Friday, February 8, 2008

America: It Just Might Work

I love music. It can move us in ways nothing else can. And you never know where it will come from. A certain tone and a certain set of lyrics hits you in a certain frame of mind to produce an experience whose description defies the use of words, and whose memory will come back, albeit muted over time, each time you hear it again.

I've always been a proud American. Years ago I would stand straight during the National Anthem at sporting events, even if everyone around me was drunk and laughing. I don't like people fucking around with the lyrics and yelling "Stars" or "Braves" or whatever other word in the song has the misfortune of being a sports team mascot. We were Americans, and we should have more respect than that, or at least that was how I saw it. We were the greatest nation on earth. Experience has chipped away at that ideallic view over the years, the past few especially. The torture thing was the last straw. We were America. We were supposed to be the good guys. They tortured, we didn't, that's what made us better than them.

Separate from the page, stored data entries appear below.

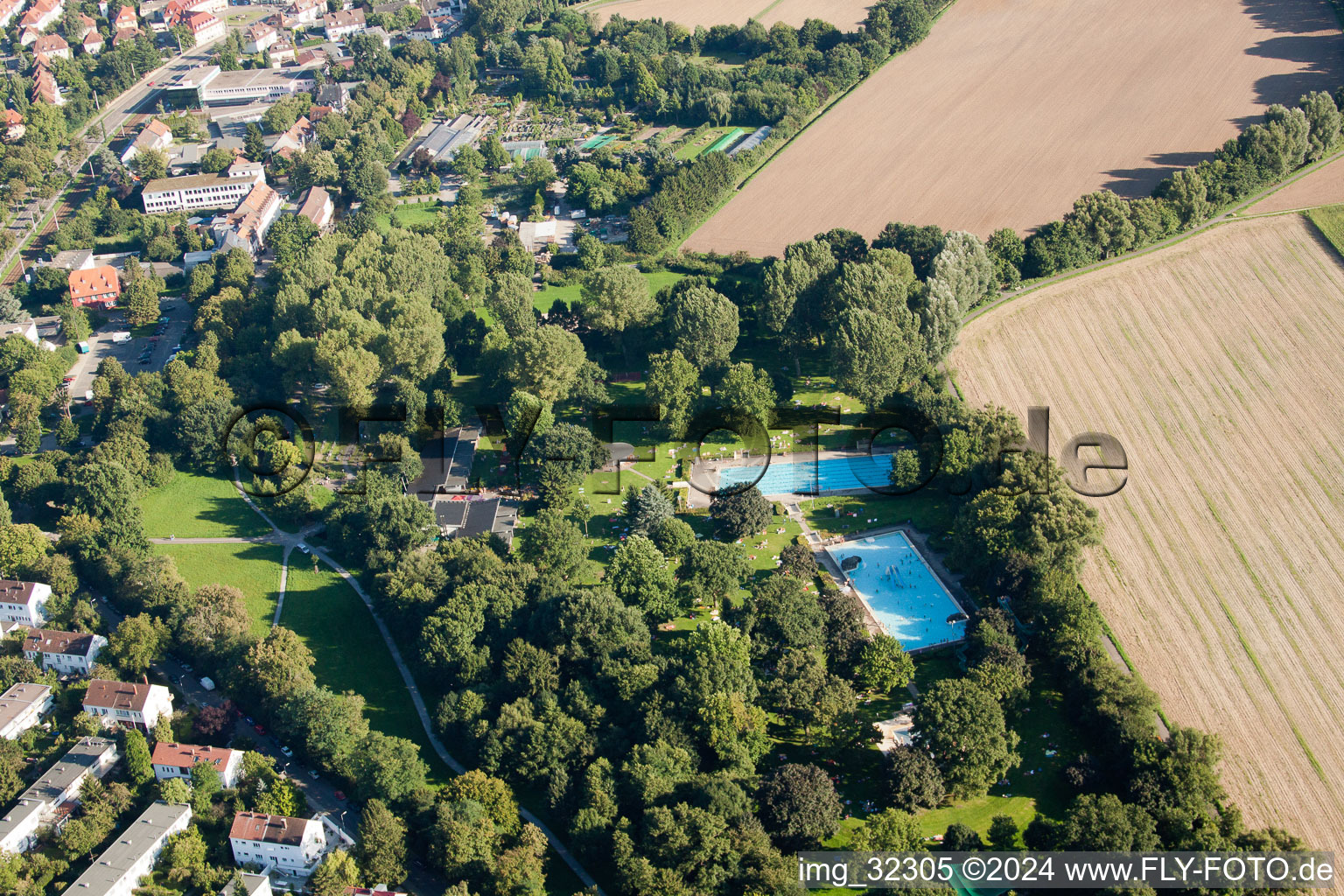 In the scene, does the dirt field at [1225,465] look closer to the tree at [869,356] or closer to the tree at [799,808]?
the tree at [869,356]

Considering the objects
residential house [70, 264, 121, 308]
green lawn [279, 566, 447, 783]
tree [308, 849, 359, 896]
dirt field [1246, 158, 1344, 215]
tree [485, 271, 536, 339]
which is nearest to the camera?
tree [308, 849, 359, 896]

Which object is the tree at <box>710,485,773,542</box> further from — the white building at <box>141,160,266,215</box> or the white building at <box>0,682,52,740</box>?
the white building at <box>141,160,266,215</box>

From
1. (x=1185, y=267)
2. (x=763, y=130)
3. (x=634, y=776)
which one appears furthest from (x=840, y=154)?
(x=634, y=776)

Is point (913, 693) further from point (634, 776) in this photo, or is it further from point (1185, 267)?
point (1185, 267)

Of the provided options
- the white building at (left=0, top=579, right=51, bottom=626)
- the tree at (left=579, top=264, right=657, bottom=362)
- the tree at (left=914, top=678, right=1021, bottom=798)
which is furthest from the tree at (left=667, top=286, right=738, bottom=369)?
the white building at (left=0, top=579, right=51, bottom=626)

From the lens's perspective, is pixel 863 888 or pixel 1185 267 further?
pixel 1185 267

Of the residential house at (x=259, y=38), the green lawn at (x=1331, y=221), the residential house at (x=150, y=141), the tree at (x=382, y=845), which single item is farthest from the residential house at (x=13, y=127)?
the green lawn at (x=1331, y=221) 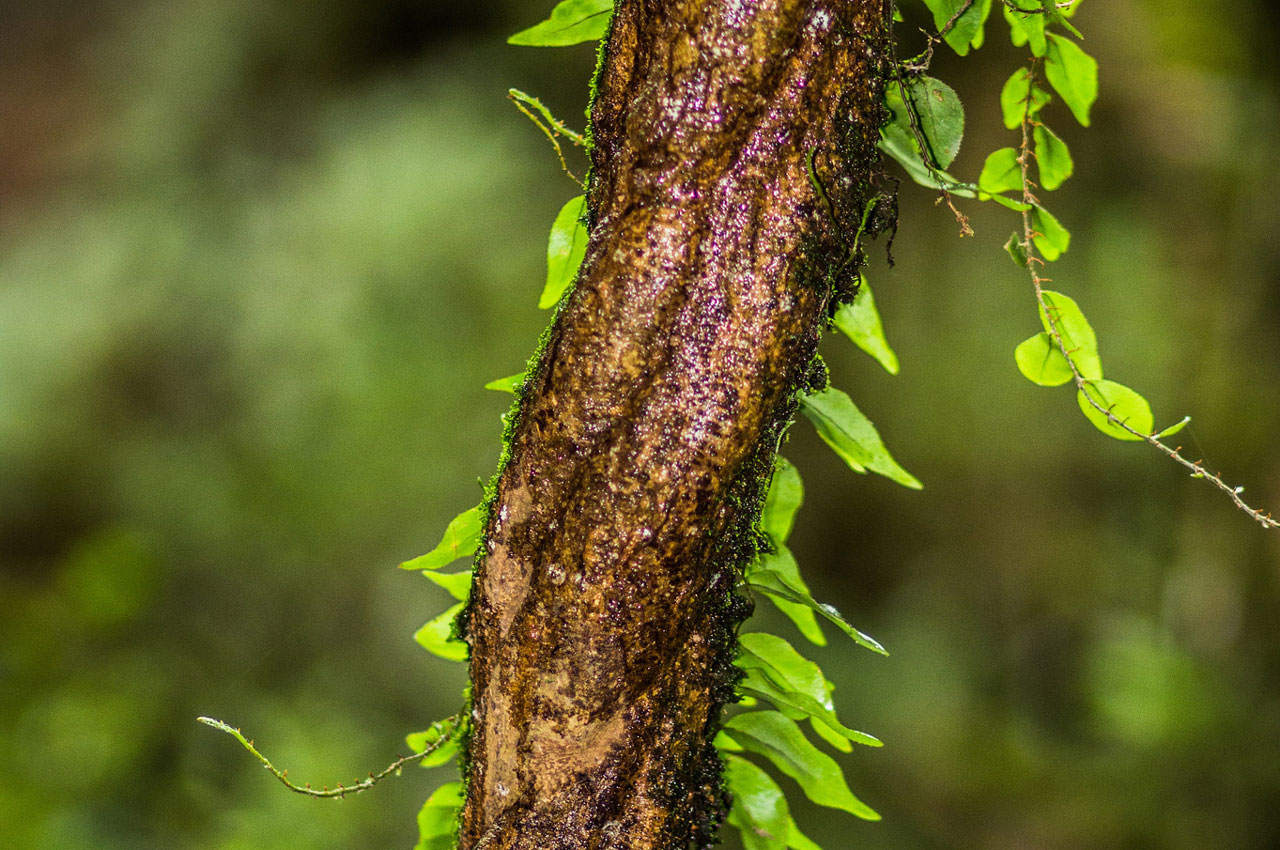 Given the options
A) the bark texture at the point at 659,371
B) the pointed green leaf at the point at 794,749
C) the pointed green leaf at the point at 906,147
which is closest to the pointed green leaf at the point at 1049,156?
the pointed green leaf at the point at 906,147

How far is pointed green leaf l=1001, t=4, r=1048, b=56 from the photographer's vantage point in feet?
2.31

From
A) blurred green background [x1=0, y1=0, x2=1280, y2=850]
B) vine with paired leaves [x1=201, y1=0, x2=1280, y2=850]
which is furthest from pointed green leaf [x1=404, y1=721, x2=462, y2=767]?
blurred green background [x1=0, y1=0, x2=1280, y2=850]

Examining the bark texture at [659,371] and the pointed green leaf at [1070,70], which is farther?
the pointed green leaf at [1070,70]

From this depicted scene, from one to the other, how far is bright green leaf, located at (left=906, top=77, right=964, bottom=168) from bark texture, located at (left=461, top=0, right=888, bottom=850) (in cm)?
9

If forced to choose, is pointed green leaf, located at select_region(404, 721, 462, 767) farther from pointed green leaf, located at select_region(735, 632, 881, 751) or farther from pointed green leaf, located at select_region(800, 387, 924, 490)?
pointed green leaf, located at select_region(800, 387, 924, 490)

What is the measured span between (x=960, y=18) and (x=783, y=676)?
1.68 feet

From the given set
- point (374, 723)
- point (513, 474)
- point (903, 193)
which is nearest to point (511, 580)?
point (513, 474)

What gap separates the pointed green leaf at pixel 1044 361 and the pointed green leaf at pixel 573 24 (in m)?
0.40

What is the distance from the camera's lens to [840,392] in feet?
2.37

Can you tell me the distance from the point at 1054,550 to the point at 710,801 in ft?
8.30

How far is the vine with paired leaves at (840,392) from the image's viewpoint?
67cm

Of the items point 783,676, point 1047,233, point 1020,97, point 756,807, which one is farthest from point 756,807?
point 1020,97

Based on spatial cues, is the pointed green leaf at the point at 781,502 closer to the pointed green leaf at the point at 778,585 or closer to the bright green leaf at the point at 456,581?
the pointed green leaf at the point at 778,585

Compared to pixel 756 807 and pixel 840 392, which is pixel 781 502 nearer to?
pixel 840 392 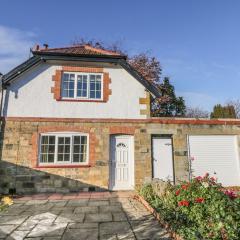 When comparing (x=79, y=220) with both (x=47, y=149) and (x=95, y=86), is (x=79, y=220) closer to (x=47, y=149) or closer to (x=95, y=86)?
(x=47, y=149)

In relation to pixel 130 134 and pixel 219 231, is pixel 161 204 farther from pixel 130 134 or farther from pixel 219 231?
pixel 130 134

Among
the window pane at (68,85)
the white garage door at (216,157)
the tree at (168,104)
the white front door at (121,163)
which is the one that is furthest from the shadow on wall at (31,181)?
the tree at (168,104)

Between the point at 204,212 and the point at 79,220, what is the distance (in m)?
3.26

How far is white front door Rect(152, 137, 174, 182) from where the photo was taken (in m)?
12.2

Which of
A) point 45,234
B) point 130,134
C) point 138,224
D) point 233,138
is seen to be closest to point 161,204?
point 138,224

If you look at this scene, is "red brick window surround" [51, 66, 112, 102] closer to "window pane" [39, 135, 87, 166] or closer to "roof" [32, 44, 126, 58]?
"roof" [32, 44, 126, 58]

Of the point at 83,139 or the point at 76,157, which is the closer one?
the point at 76,157

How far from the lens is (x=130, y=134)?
40.3 ft

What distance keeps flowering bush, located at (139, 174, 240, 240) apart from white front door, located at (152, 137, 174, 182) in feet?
15.1

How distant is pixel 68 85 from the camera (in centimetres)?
1252

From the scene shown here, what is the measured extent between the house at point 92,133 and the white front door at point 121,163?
0.16ft

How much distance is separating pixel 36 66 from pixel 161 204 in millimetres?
9208

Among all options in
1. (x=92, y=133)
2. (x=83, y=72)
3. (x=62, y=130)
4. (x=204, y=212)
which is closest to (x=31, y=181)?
(x=62, y=130)

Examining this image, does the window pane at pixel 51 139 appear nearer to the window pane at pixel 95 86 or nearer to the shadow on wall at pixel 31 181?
the shadow on wall at pixel 31 181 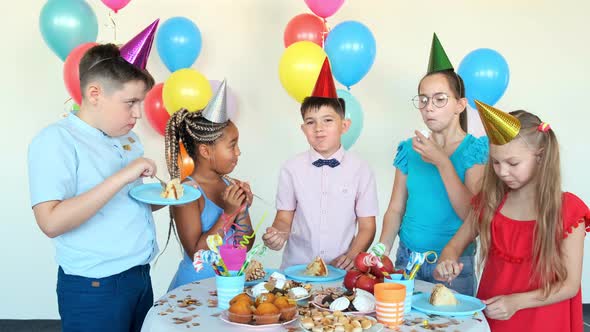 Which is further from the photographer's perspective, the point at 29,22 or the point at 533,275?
the point at 29,22

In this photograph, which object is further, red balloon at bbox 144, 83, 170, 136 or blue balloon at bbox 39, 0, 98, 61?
red balloon at bbox 144, 83, 170, 136

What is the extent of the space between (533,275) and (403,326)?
1.86 ft

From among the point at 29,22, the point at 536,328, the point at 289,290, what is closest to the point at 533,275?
the point at 536,328

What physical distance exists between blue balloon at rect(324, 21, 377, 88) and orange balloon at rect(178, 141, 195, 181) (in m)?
1.20

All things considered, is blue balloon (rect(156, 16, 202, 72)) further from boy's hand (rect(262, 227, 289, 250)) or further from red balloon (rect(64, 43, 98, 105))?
boy's hand (rect(262, 227, 289, 250))

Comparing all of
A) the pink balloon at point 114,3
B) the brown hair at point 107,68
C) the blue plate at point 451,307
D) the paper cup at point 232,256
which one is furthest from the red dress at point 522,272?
the pink balloon at point 114,3

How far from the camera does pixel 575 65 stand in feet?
13.7

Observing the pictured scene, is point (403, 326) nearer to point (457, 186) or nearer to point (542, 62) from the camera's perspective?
point (457, 186)

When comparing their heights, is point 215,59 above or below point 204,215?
above

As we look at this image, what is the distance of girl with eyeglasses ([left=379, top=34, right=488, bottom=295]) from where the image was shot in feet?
7.55

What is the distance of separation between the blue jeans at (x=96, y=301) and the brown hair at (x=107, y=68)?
0.62 m

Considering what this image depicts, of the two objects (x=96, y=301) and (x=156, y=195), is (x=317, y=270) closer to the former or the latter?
(x=156, y=195)

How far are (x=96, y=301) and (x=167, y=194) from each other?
1.30ft

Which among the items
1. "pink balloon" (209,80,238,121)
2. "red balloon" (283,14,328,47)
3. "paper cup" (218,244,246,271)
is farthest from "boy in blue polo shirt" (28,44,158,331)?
"red balloon" (283,14,328,47) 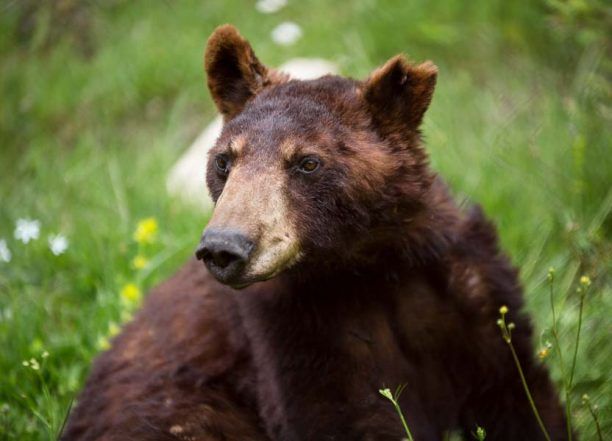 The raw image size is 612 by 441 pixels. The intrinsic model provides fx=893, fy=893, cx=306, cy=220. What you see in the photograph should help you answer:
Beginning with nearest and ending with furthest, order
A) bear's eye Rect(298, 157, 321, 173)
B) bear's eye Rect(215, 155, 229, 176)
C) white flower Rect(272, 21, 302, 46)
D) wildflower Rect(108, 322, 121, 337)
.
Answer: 1. bear's eye Rect(298, 157, 321, 173)
2. bear's eye Rect(215, 155, 229, 176)
3. wildflower Rect(108, 322, 121, 337)
4. white flower Rect(272, 21, 302, 46)

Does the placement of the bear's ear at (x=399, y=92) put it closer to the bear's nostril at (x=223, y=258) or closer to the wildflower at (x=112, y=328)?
the bear's nostril at (x=223, y=258)

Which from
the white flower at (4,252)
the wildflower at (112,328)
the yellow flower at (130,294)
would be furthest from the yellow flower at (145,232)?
the white flower at (4,252)

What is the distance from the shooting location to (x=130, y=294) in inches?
201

Anyway, it's been a while since my chest swellled with a little pride in America, not so much our greatness of self as much as the greatness and uniqueness of vision that this country represents. Whatever flaws we have, America still stands as one of the greatest political and social experiments ever conceived, a nation of immigrents, descendents of slaves, and passers by who decided to stay in this huge land, clinging to its traditions and rugged individualism while the limitations of the world and an ever growing population gnaw at its foundations, forcing it to constantly change to avoid splintering into permanently warring factions. The civil war, and perhaps more, are inevitable with a society constructed as this one is. And yet here we are. Spalding Gray once said, in Swimming to Cambodia, "Consider a country like America, or rather, consider America, because certainly there's certainly no country like it..." Indeed there isn't, and it's ours, and it's time we held our leaders and ourselves up to a higher standard, and make America better than it is. I think some of that has been lost lately.

But there's something else to consider when we think ill of America. We might not be the greatest nation on earth any more, but we arguably were, and easily can be again. That's a helluva lot more than most countries can claim. Leave it to Roy Zimmerman to elicit this in me. The guy has a way with a phrase, a catchy tune, and a bizarrely sensible, average-guy approach to some heavy unusual views. We can make this crazy thing work.

And yeah, it's a little politically partisan at the beginnning, but that's the exception rather than the rule. Besides, anyone with no biases has no opinions of his own.